Musicians: Gregory Lee (violin), Marat Gabdullin (violin), Samuel Formicola (viola), Jesús Castro-Balbi (cello), Chad Burrow (clarinet), Amy I-Lin Cheng (piano) and Ruirui Ouyang (piano)
(Programs subject to change)
Concerts will be performed at St. Paul’s Cathedral, 127 NW 7th St. in downtown OKC.
Concert 1 Program Notes
Written by Kimberly Powell
Malcolm Arnold: Divertimento for Flute, Oboe & Clarinet, Op 37 Twentieth-century British musician and conductor Malcolm Arnold was an accomplished composer of concert music, but the public better knew him during his career for his film scores, most notably Bridge on the River Kwai of 1957 for which he won an Academy Award. Serving also as principal trumpet of the London Philharmonic Orchestra in the 1940s, Arnold also made celebrated contributions to the repertoire for winds. Written in 1952, the six-movement Divertimento for wind trio (flute, oboe and clarinet) provides each player an equal opportunity to offer music highly emblematic of the composer: inventive, tuneful, witty and idiomatic.
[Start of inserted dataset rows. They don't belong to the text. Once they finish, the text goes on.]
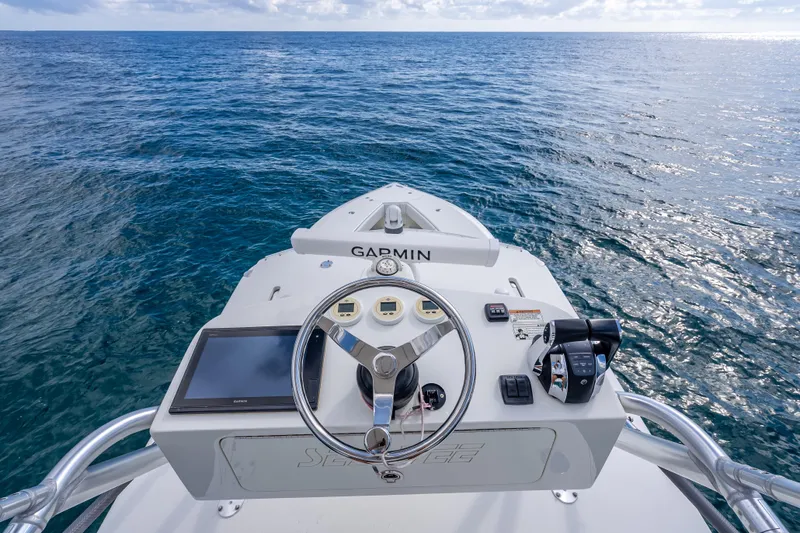  Yacht Photos Pics Helm of 2017 SeaVee 370Z boat with Garmin navigation, overlooking open ocean.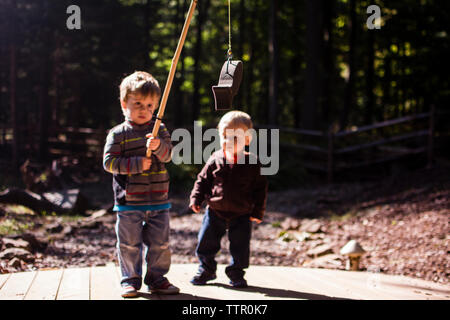 Jungen auf der Suche nach Bruder Holding künstlichen Fisch in Spielplatz Stockfoto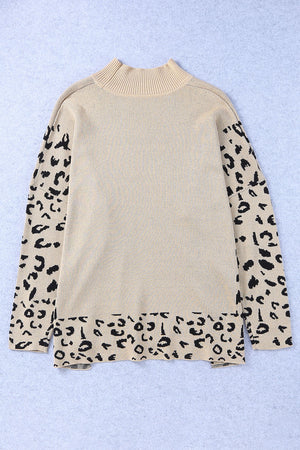 Khaki acrylic knit sweater with mock neck and leopard print sleeves and hem.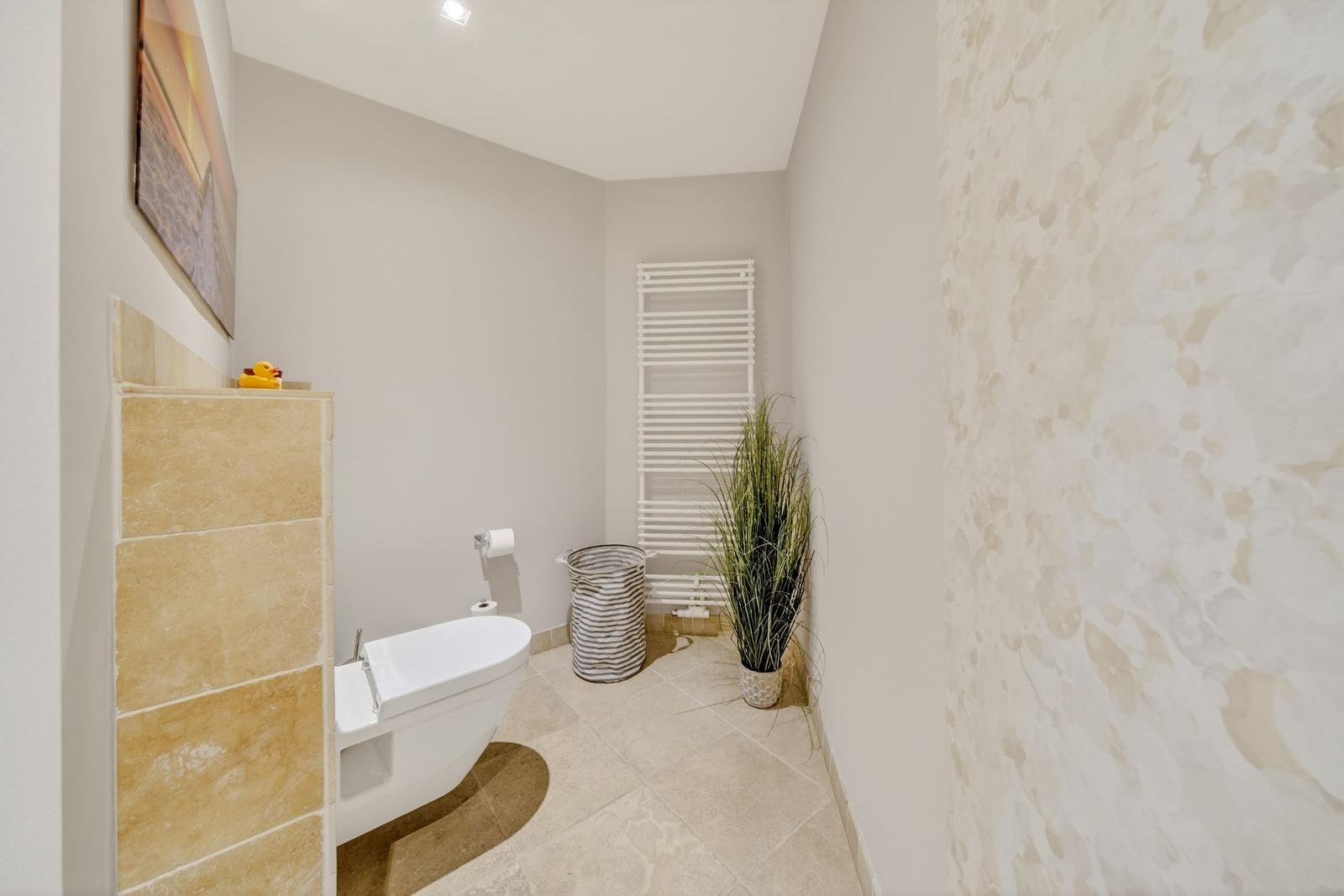 Bad mit Toilette, Heizung, Pflanze und Wandbild.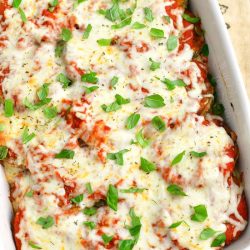 baked eggplant parmesan in a white casserole dish topped with fresh basil leaves and the dish is standing on a burlap towel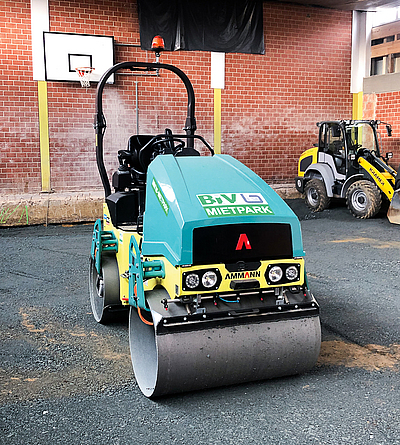Elektro-Walze bei Bodensanierung Sporthalle In einer Sporthalle, deren Boden aufgerissen ist und bearbeitet wird, steht eine Walze.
Ennio Morricone: “Gabriel’s Oboe” from The Mission Ennio Morricone may be the world’s greatest living film composer. Admired for his versatile, expressive and innovative scores, Morricone is one of cinema’s great legends, sought after by filmmakers across the world. His long artistic career has generated music not only for film but also for theatre, radio and the concert hall. Morricone’s acclaimed Golden Globe-winning score for The Mission, set in eighteenth-century South America, offers an eclectic mix of styles that capture the confluence of cultures depicted in the film. The lyrical “Gabriel’s Oboe,” composed as the film’s main theme, has become immensely popular in both concert hall and mass media translations.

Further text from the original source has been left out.